## Exercise aim
Leave the pictures out. Transcribe exactly every line from the start of the records through the one containing "Happy grey haired".

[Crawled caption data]
-=-=-=-=-
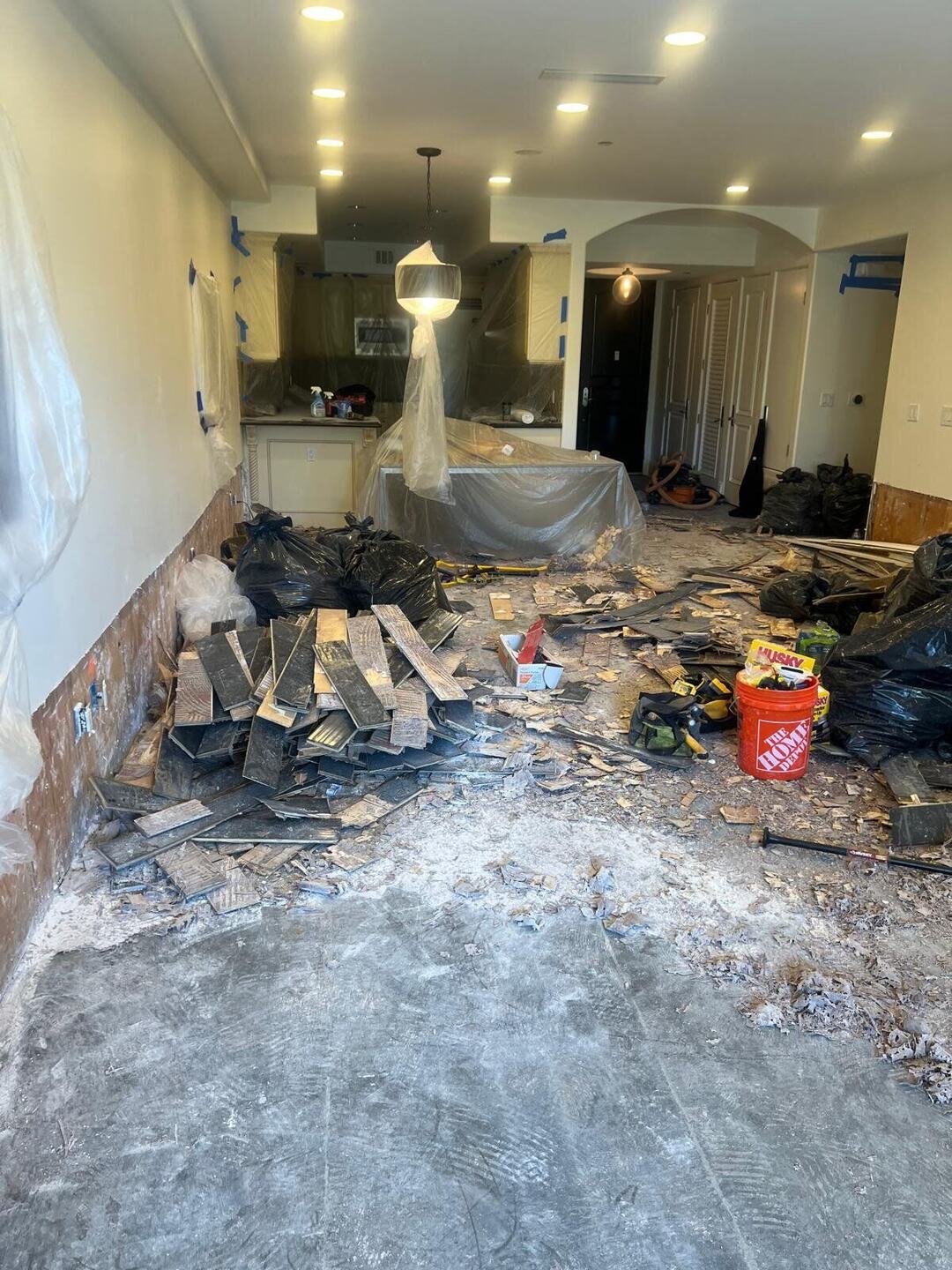 Flooring stripped to the concrete slab, debris bagged, kitchen wrapped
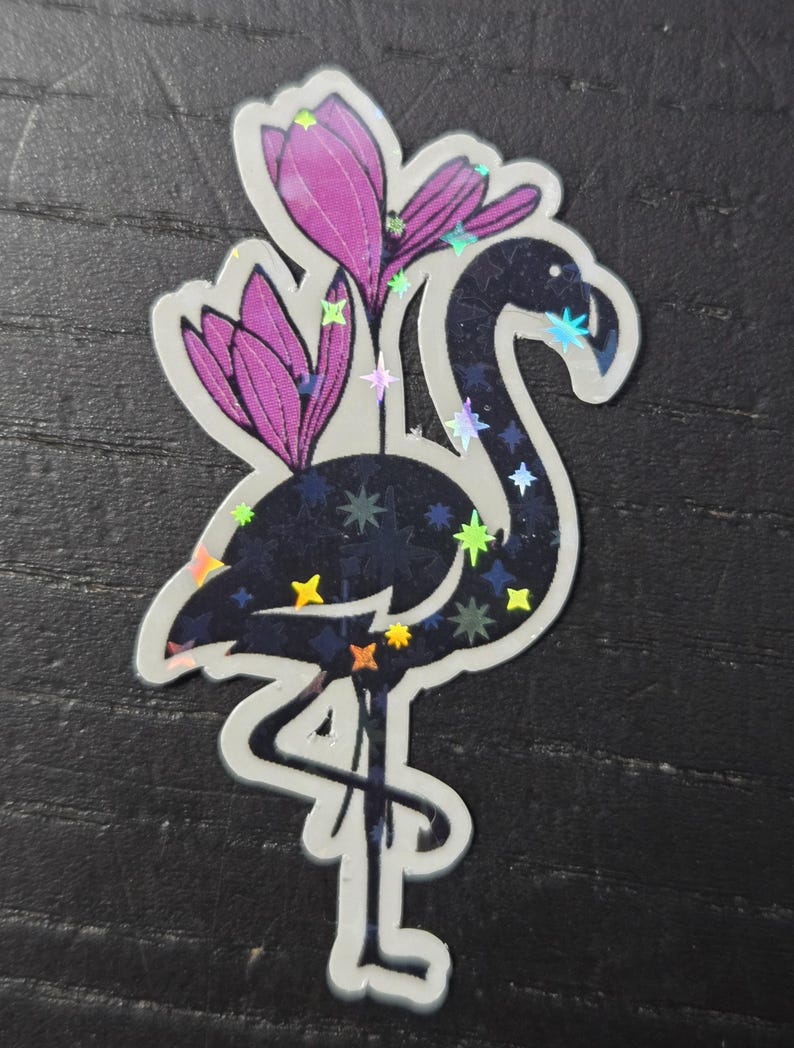May include: A sticker featuring a stylized flamingo with a dark blue body and iridescent accents. The flamingo is adorned with purple flower blossoms and colorful star-shaped details. The sticker has a white border.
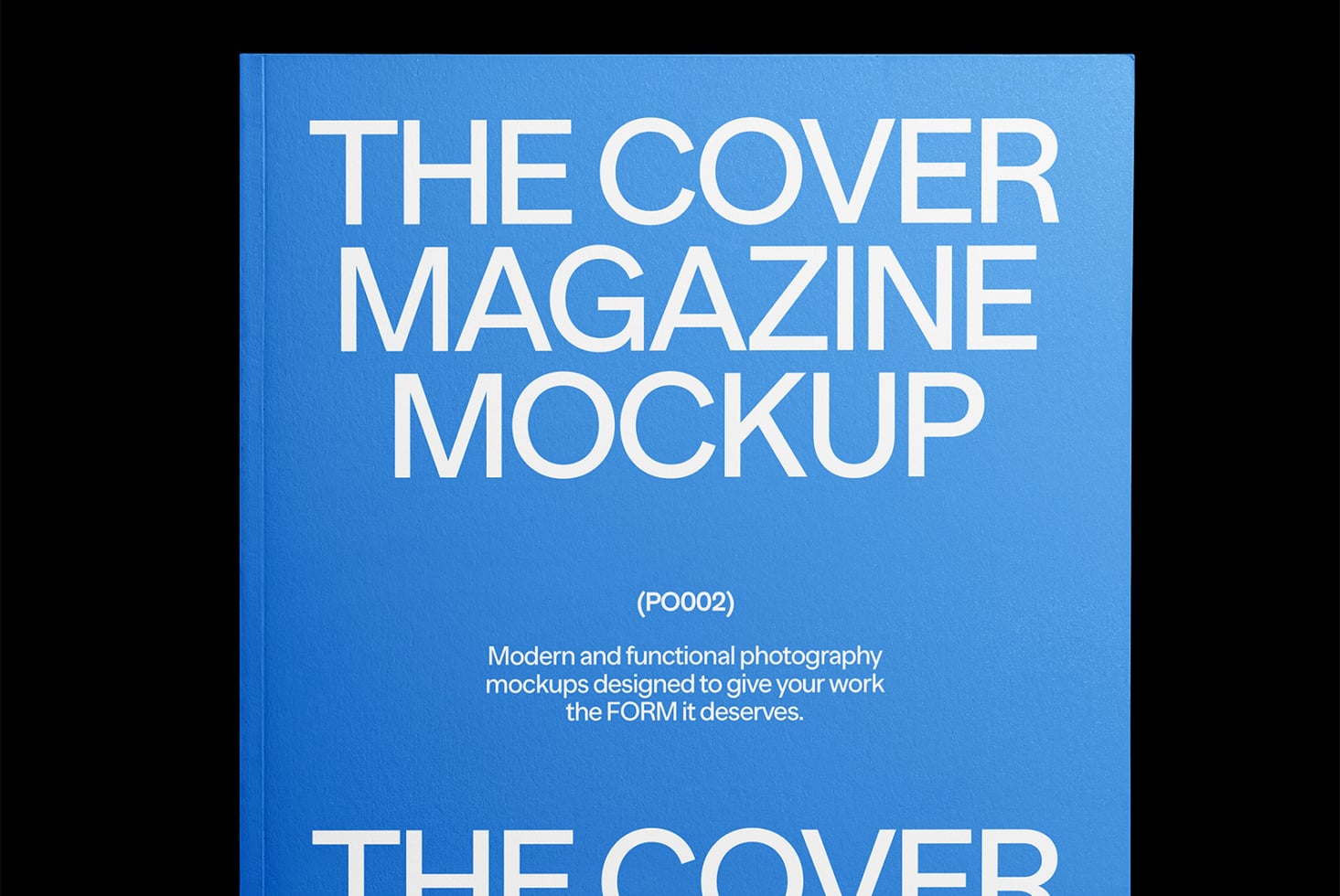 Overhead view of blue magazine cover mockup with white sans serif lettering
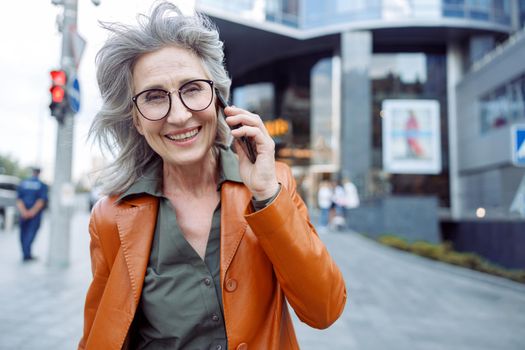 Happy grey haired senior woman with glasses in leather jacket talks on mobile phone on modern city street on autumn day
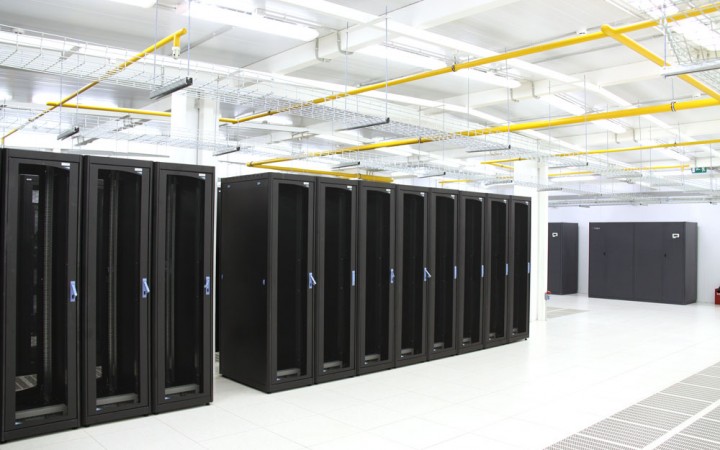 Machine room: closed cabinets in rows, a dedicated cold aisle
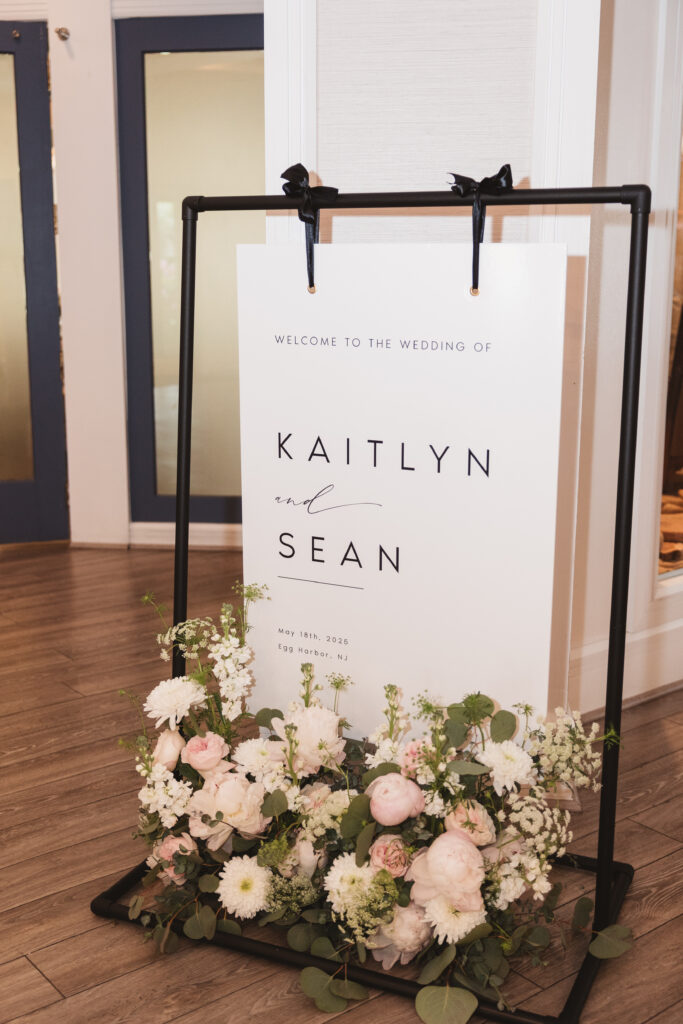 Custom welcome wedding sign and flowers. Wedding day at Blue Heron Pines Golf Club in Egg Harbor, NJ. Photographed by South Jersey/Philly based wedding photographer Madison Neumann Photography.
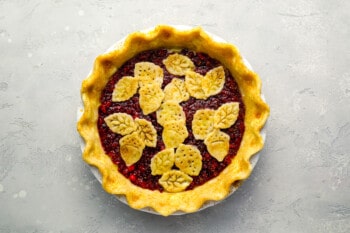 A pie with cranberries and leaves on top.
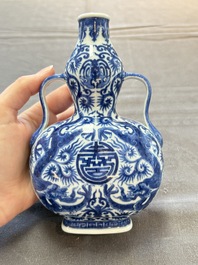 A rare and fine Chinese blue and white double gourd 'dragon' vase with ruyi handles, Qianlong mark and of the period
-=-=-=-=-
## Answer to this task
 Flooring stripped to the concrete slab, debris bagged, kitchen wrapped
May include: A sticker featuring a stylized flamingo with a dark blue body and iridescent accents. The flamingo is adorned with purple flower blossoms and colorful star-shaped details. The sticker has a white border.
 Overhead view of blue magazine cover mockup with white sans serif lettering
 Happy grey haired senior woman with glasses in leather jacket talks on mobile phone on modern city street on autumn day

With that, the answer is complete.